ASSIGNMENT ▸
Copy out the data below from the line containing "Prada Nylon Logo Jacquard Messenger Bag Green" to the line containing "Melbourne Cup Trophy", both lines included, with all images left out.
======== DATA PROVIDED
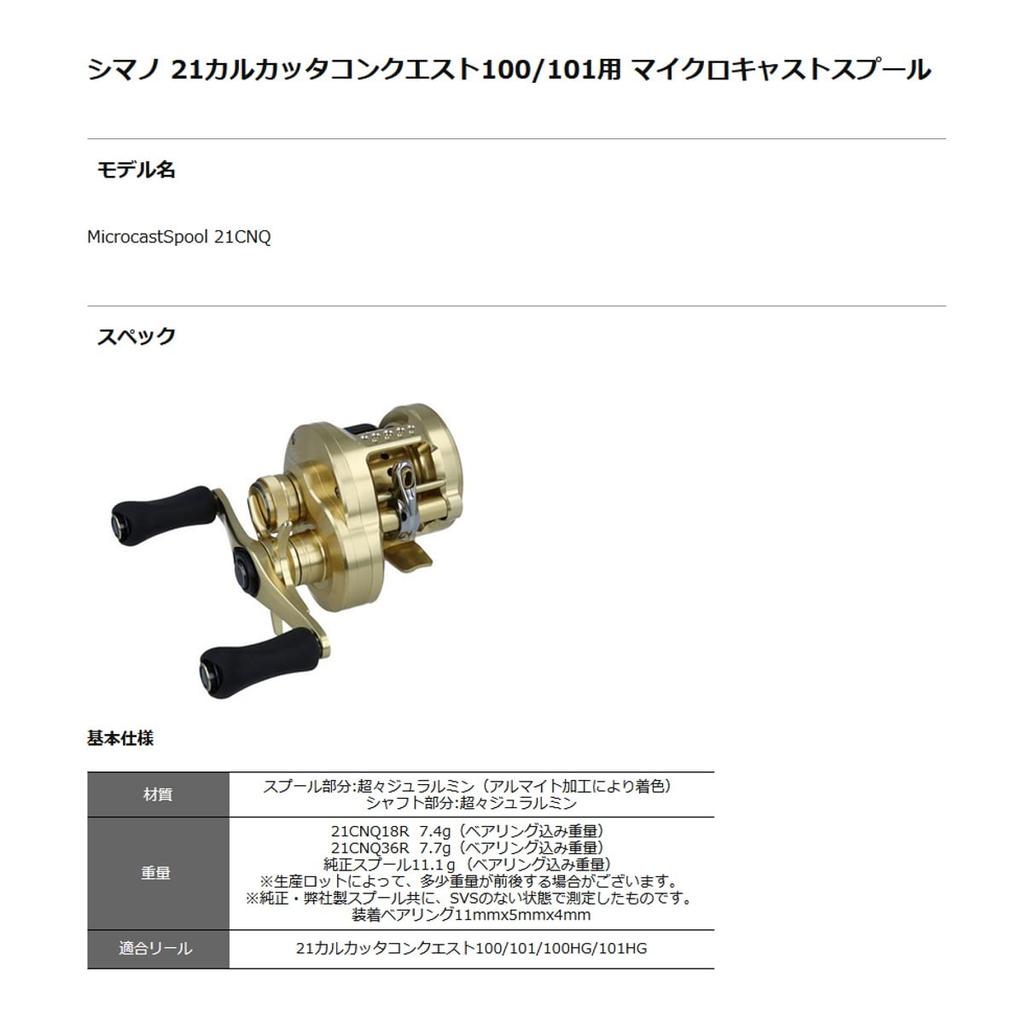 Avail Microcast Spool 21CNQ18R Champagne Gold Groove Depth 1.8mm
================
======== DATA PROVIDED
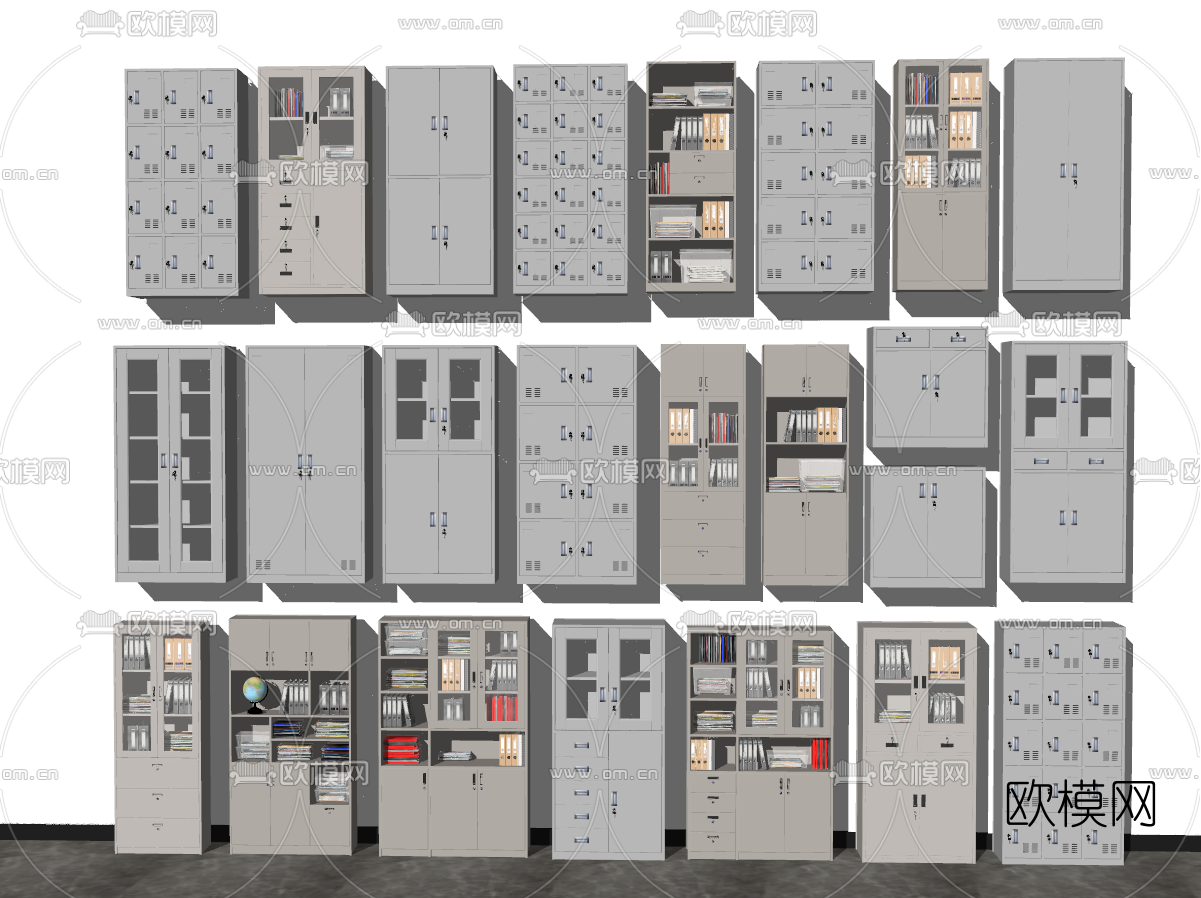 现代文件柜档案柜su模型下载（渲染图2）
================
======== DATA PROVIDED
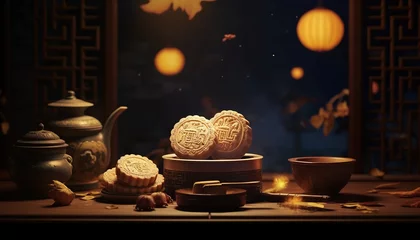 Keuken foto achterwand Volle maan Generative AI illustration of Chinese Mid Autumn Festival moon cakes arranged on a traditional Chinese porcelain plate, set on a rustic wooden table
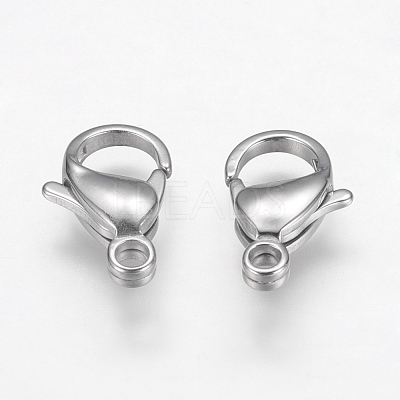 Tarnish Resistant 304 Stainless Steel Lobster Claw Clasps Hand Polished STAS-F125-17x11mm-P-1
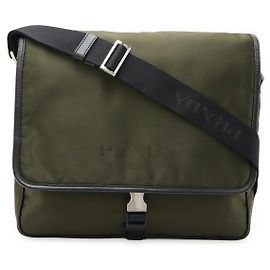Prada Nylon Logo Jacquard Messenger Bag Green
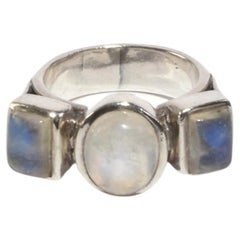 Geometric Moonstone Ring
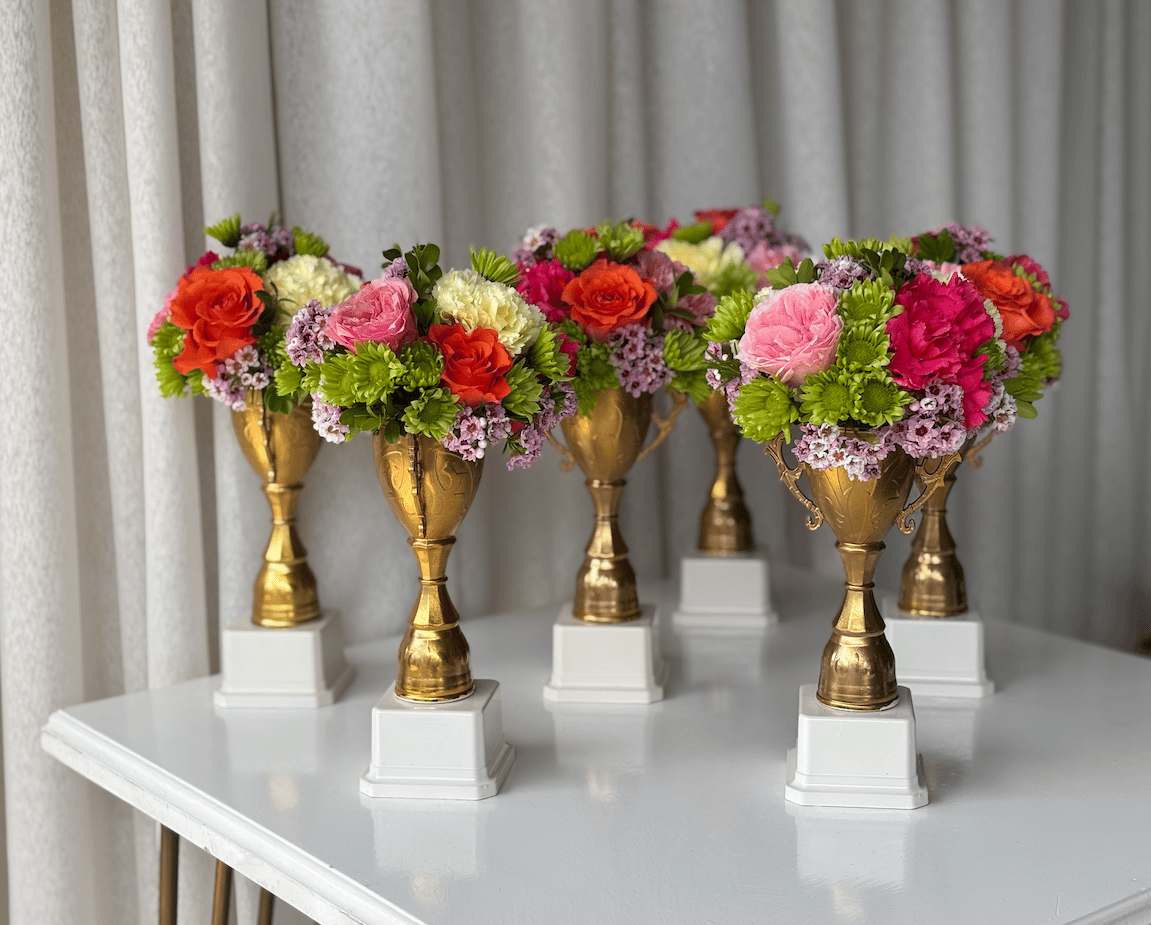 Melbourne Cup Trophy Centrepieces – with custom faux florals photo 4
================
ANSWER SPACE ▸
Prada Nylon Logo Jacquard Messenger Bag Green
 Geometric Moonstone Ring
 Melbourne Cup Trophy Centrepieces – with custom faux florals photo 4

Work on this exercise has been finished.